Get cozy and make some art at a Washington state park shelters, like this one at Twanoh State Park. Photo courtesy of George Wesley & Bonita Dannells
Gather art supplies, and take your favorite rainy day activity outside! For a fun project, take paper plates and food coloring along. Dot the plates with color, then let the rain add its own touch to the masterpiece. “Paint” with mud or rain water. Make a chalk drawing and see what the rain adds to it. Or find a picnic shelter, and set up your art studio at one of the tables! Listen to the sound of the rain on the roof and enjoy a cozy creative experience in the outdoors! If your shelter has a fireplace, bring along some wood, and ask park staff if you can start a fire for an added layer of warmth and atmosphere.
How do animals react to rain? Put all your senses to work and make discoveries! Photo courtesy of Barbara Krawcowicz
Plants and especially animals react to the downpour in different ways. Bring along a magnifying glass and a journal and go on a nature hunt to discover how the wild reacts to the wet! Ask your kids where they think insects and animals go when it rains. Or observe how different kinds of birds deal with the downpour. Draw pictures and write about your finds in your journal, then compare notes!
Jump! It's good for the heart and soul! Photo courtesy of Lucille Pine
Ask any kid—or even some adults—what is their favorite thing to do outside in the rain, and chances are you will hear a resounding “JUMP IN PUDDLES”! Splooshing, splashing and splattering mud all over with your boots is just plain fun— not to mention great exercise. Hand the kids an umbrella and let them have at it. Oh, and you might want to bring a towel or six. Just in case.
Great parks to try:
Mud and puddles will be wherever the rain is. Take the leap at Bridle Trails, Iron Horse, or Wallace Falls, or whichever Washington State Park the rain clouds point you to!
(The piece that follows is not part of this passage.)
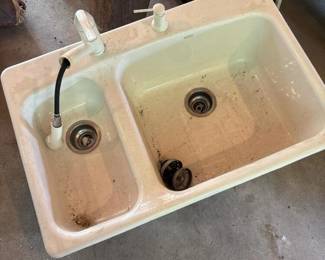 218 doublebasindropinkitchensink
“Leaf” your cares behind. Take a rainy day to play in your Washington State Parks! Photo courtesy of Chris Gladis
A few leaves, a bit of wood or a piece of bark—practically anything can be transformed into a little boat to float upon a river, stream or just a puddle. Ask kids, “Why do some things float while others do not?” Look for insects or animals that live in—or on—the water. Add leaf sails and pine-needle sailors to your boats, then hold a miniature America’s Cup. Winner buys the cocoa!
An umbrella built for two. Nothing brings you closer than a quiet walk in the rain. Photo courtesy of Frans Persoon
A walk in the woods: What could be more simple or satisfying? As you walk, ask your kids to listen to the sounds of the rain as it falls harder or softer, on your umbrella, leaves, soil or water. Observe where the rain falls harder or softer—under the trees or in a meadow? Talk, make up songs to the beat of the rain or just quietly observe how fresh the world feels when it rains.